Please print, exactly, only the lines in the entries below from the line that has "The next skincare" through the line that has "Welcome space lovers, tonight". Pictures don't go in.

# Task data:
== == ==
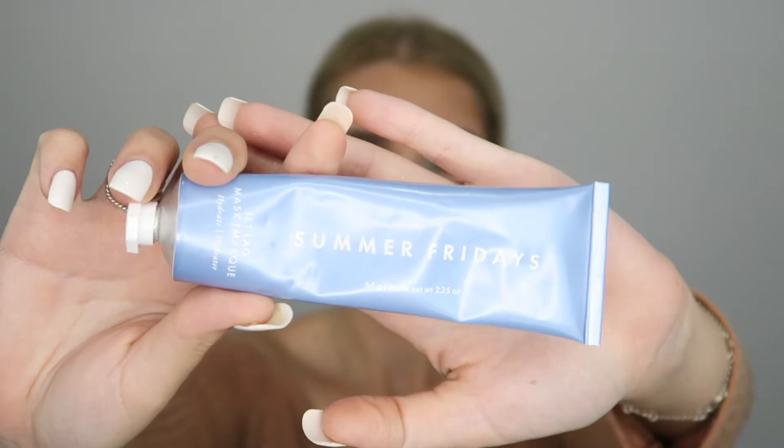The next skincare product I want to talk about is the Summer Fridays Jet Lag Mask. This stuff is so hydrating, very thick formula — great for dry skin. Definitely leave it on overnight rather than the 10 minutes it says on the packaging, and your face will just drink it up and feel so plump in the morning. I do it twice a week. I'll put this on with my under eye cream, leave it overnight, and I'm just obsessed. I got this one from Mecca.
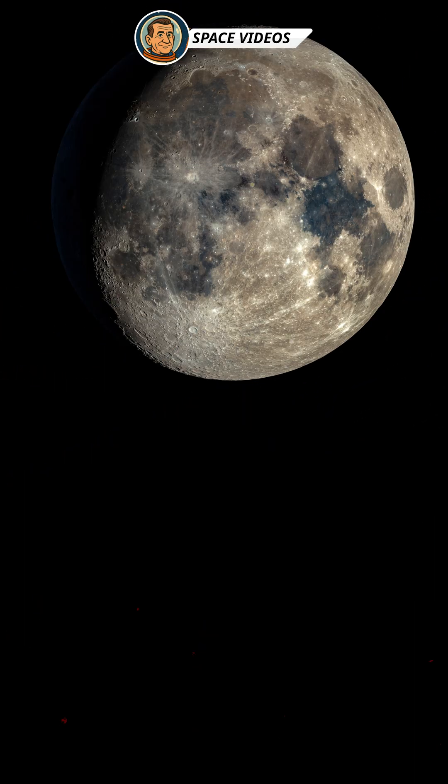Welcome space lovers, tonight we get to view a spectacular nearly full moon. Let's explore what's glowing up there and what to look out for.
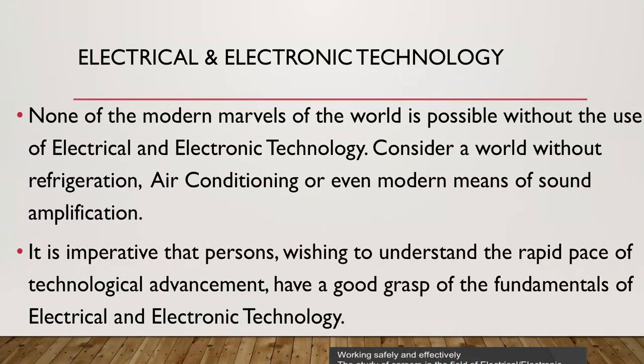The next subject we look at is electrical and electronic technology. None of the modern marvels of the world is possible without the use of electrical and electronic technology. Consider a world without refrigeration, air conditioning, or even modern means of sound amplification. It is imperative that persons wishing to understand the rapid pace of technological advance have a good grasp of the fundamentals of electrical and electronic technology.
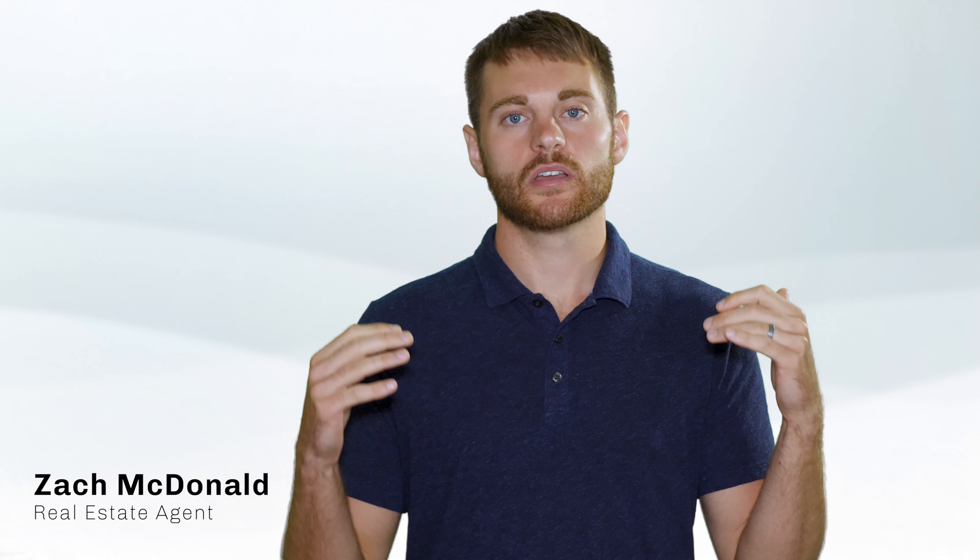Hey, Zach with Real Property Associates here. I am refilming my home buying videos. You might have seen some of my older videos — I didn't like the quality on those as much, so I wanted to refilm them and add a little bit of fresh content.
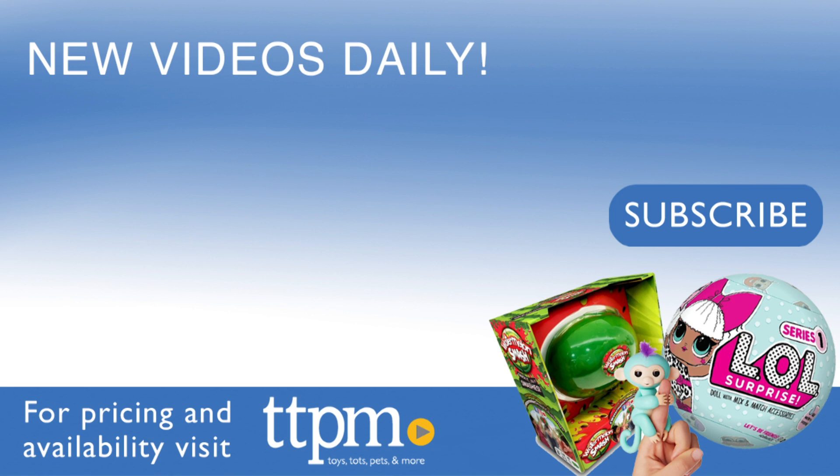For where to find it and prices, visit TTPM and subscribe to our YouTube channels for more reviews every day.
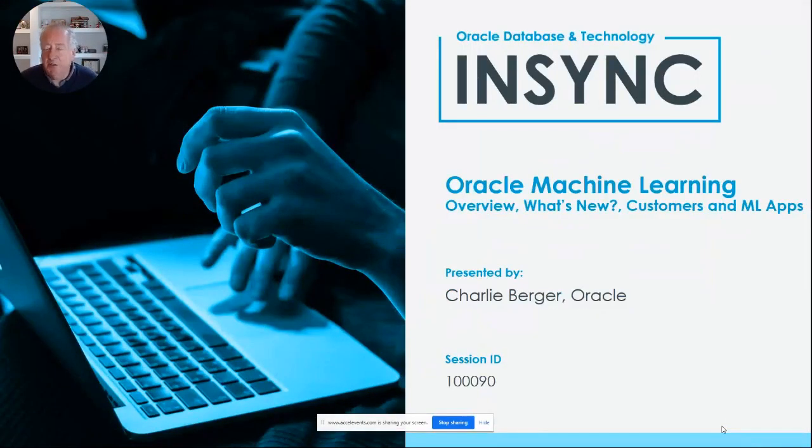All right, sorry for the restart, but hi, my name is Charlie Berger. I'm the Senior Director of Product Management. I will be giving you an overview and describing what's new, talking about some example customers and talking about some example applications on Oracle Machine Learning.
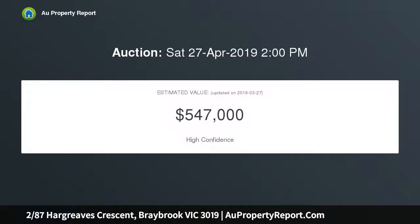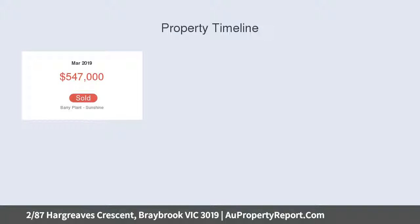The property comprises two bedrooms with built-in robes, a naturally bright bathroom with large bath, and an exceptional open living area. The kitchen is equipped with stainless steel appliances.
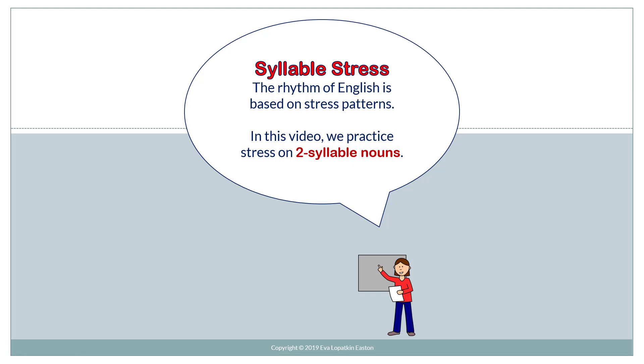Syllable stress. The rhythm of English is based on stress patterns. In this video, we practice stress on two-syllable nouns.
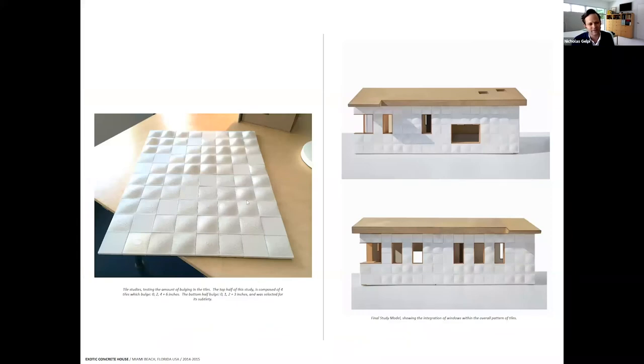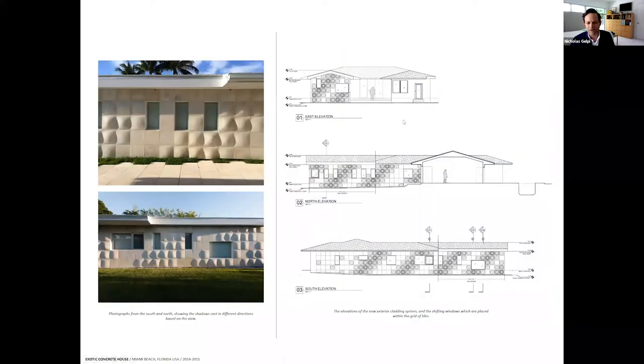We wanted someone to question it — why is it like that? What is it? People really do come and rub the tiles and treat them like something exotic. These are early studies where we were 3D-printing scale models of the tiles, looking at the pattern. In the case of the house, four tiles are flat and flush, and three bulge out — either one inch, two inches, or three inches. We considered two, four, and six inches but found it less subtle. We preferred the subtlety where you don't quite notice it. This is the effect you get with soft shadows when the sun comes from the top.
== == ==
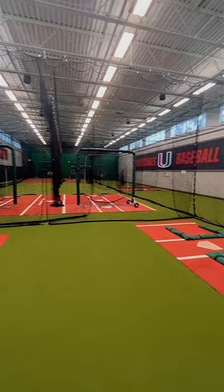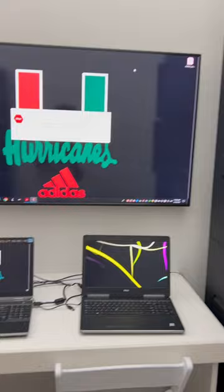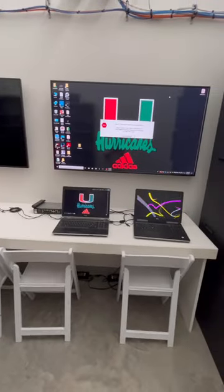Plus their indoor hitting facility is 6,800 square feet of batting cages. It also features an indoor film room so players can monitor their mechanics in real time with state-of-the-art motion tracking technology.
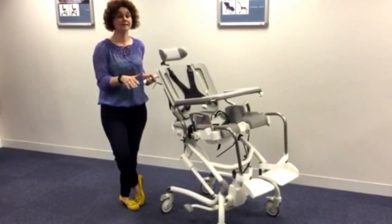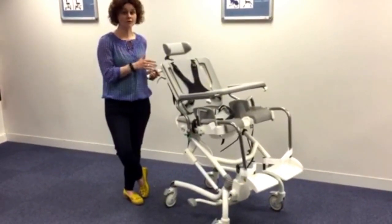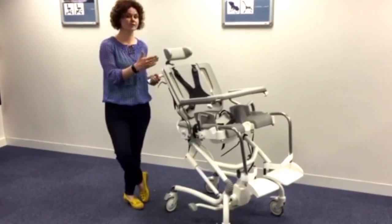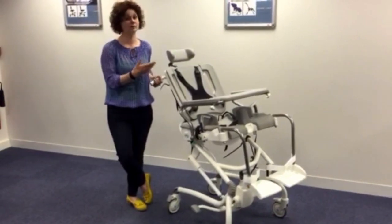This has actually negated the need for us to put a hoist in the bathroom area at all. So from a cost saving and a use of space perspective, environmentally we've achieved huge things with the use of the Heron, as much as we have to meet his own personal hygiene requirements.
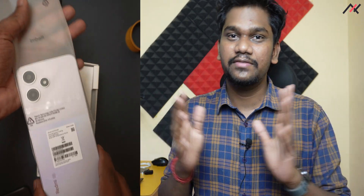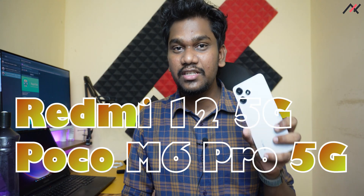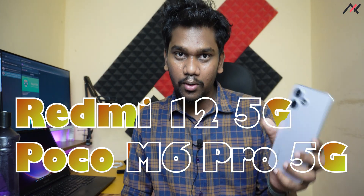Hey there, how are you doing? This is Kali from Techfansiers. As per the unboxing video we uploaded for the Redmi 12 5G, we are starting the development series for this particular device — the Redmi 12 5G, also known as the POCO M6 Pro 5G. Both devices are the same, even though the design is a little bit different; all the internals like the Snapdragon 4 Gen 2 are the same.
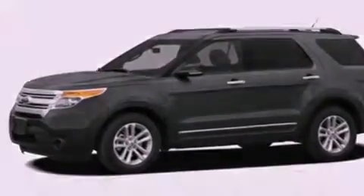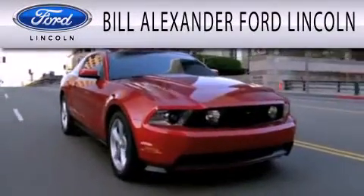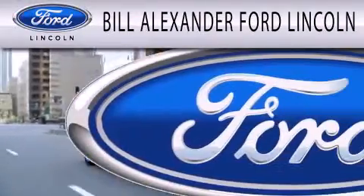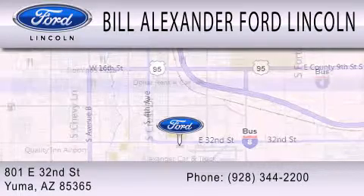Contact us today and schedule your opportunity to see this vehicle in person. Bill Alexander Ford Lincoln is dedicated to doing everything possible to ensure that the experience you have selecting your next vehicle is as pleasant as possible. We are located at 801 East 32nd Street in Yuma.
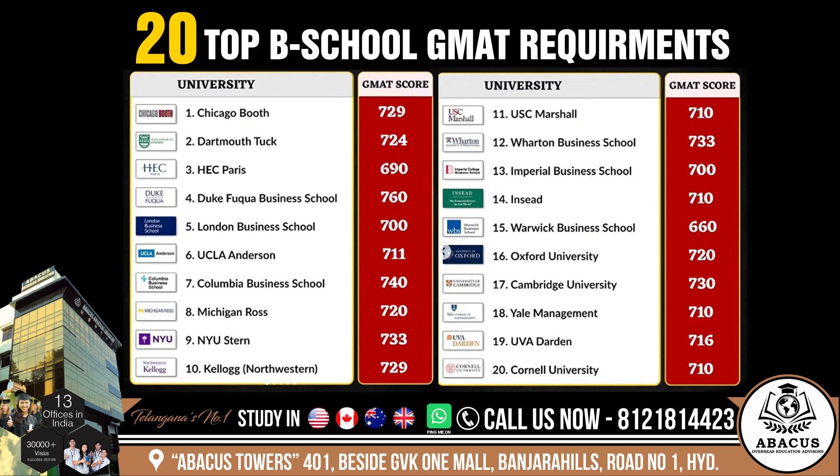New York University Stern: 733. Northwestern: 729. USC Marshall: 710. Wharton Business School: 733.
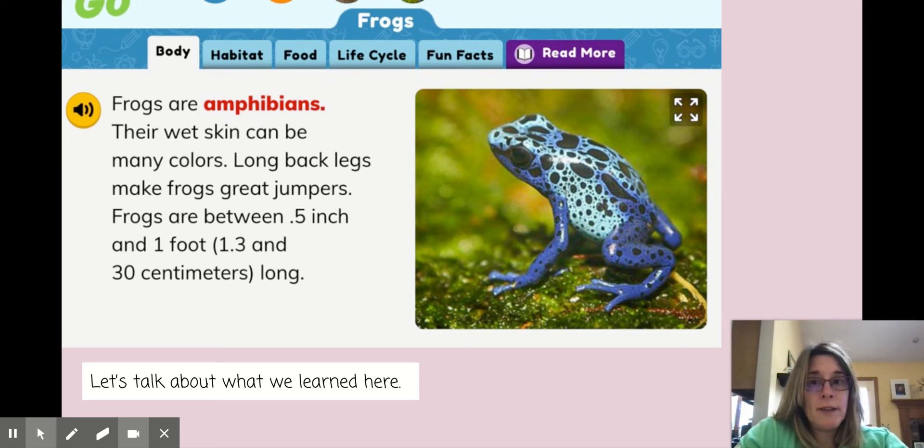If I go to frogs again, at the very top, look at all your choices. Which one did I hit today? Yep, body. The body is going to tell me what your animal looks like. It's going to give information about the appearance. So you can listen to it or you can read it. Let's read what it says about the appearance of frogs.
== == ==
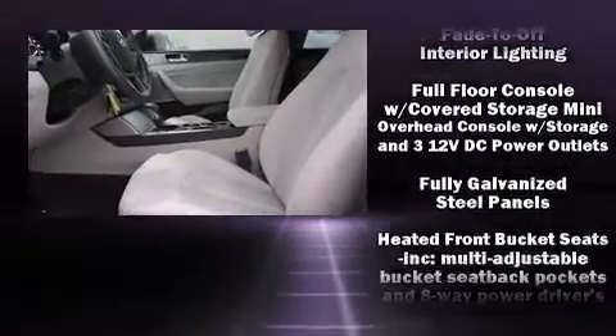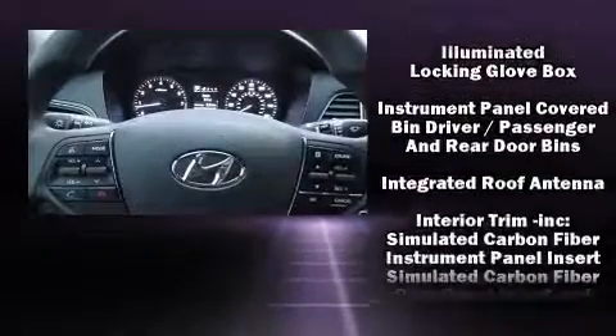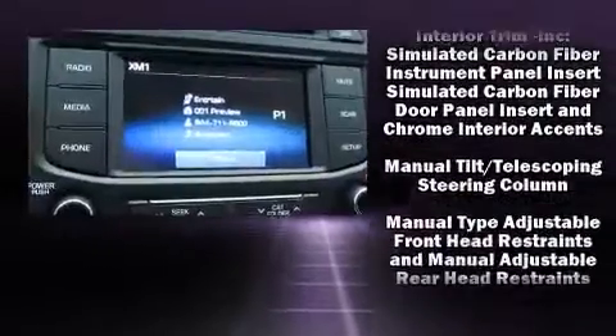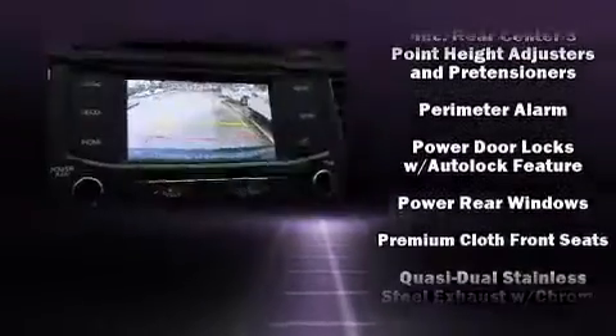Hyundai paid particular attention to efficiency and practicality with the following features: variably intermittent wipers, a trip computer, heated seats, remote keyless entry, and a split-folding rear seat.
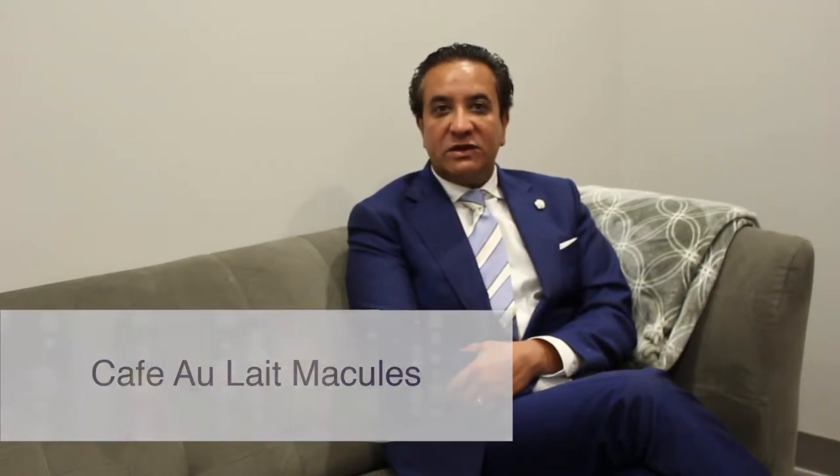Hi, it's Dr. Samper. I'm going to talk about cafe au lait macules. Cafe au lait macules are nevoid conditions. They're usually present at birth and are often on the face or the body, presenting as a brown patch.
== == ==
# Exercise solution:
The next skincare product I want to talk about is the Summer Fridays Jet Lag Mask. This stuff is so hydrating, very thick formula — great for dry skin. Definitely leave it on overnight rather than the 10 minutes it says on the packaging, and your face will just drink it up and feel so plump in the morning. I do it twice a week. I'll put this on with my under eye cream, leave it overnight, and I'm just obsessed. I got this one from Mecca.
Welcome space lovers, tonight we get to view a spectacular nearly full moon. Let's explore what's glowing up there and what to look out for.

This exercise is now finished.